Find a mirror. Position your child in front of it. There! You have shown them the bulk of your work. (And it’s a job you of course love, and wouldn’t trade for anything, etc., etc. But also? Parenting is kind of exhausting when there are absolutely zero breaks? And I mean zero breaks. As in, you and your husband fight over who gets to go get the mail and experience three minutes of solitude.)

Take Your Child To WERK Day

Your actual work day is a sh*t show, let’s be honest. So why not gather up all of your best wigs and boas, and take your kid to the Werk Room, a la Rupaul’s Drag Race? Together you can practice your sashay and splits, then brainstorm some killer drag names: Madame Purella de Zoom! Miss Youtuba Buffering! Lady Screaminto Thevoid! After, wipe the glitter from your lids, hand your kid the iPad, and treat yourself to something nice. Like going to get the mail!
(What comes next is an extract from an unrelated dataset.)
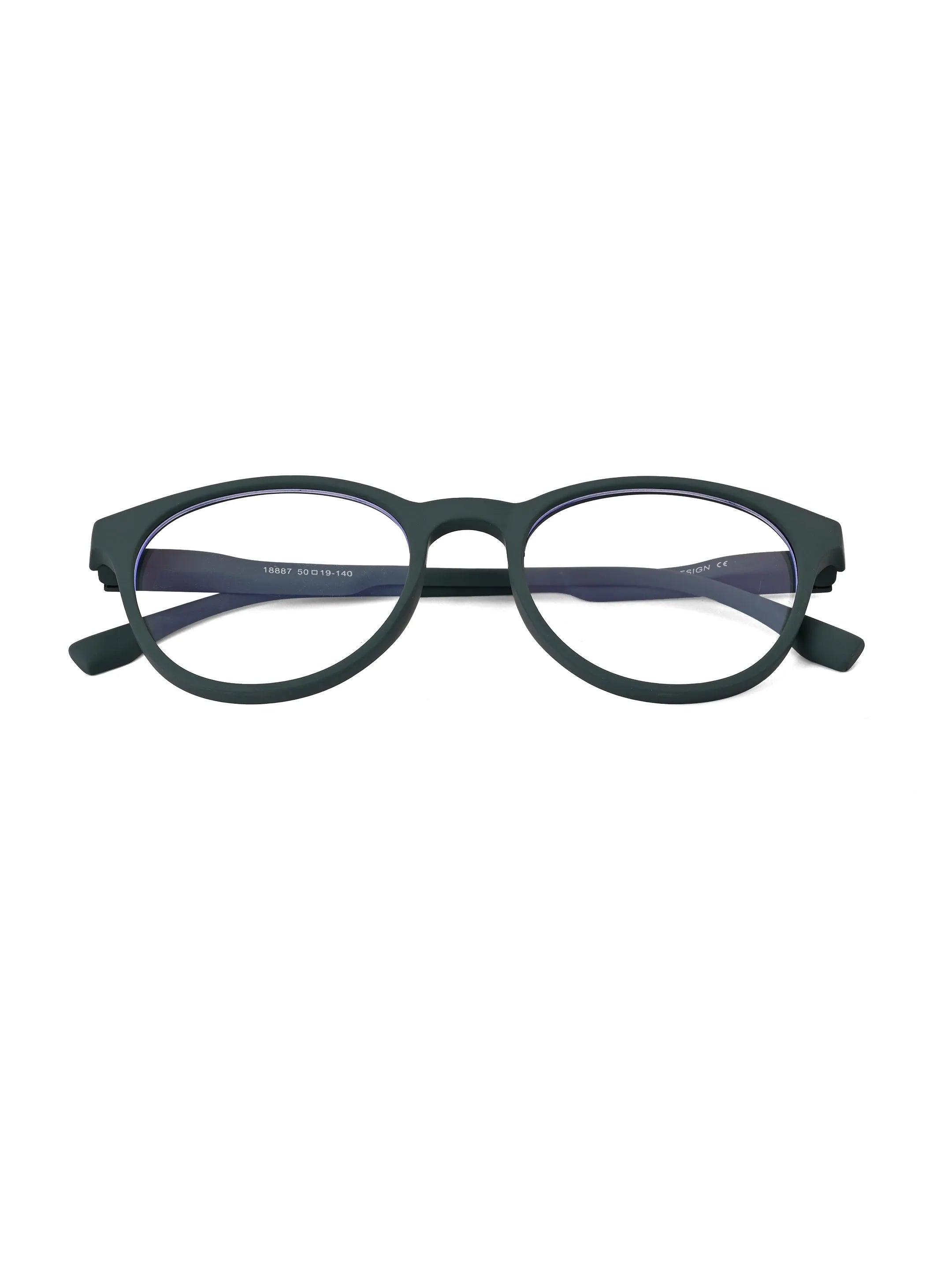 RayBloc | Olive Green Medium Full Rim OVAL Computer Glasses for Men & Women [Blue Block]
Honestly, it’s been a year of Take Your Child To Work Days. I think we’ve hit the quota. They know we work. They’ve probably popped into more of your Zoom meetings than your company’s CEO has. If your child has watched you feverishly type into a laptop at all hours, has seen you take phone call after phone call and remain professional while spreading peanut butter on toast, has seen the way you juggle it all while still making sure their favorite pajamas are washed at bedtime, then my friend, they’ve seen you work. And hopefully they’ll always remember this year of watching Mom be a total bad*ss while they enjoyed more screen-time than they ever thought possible.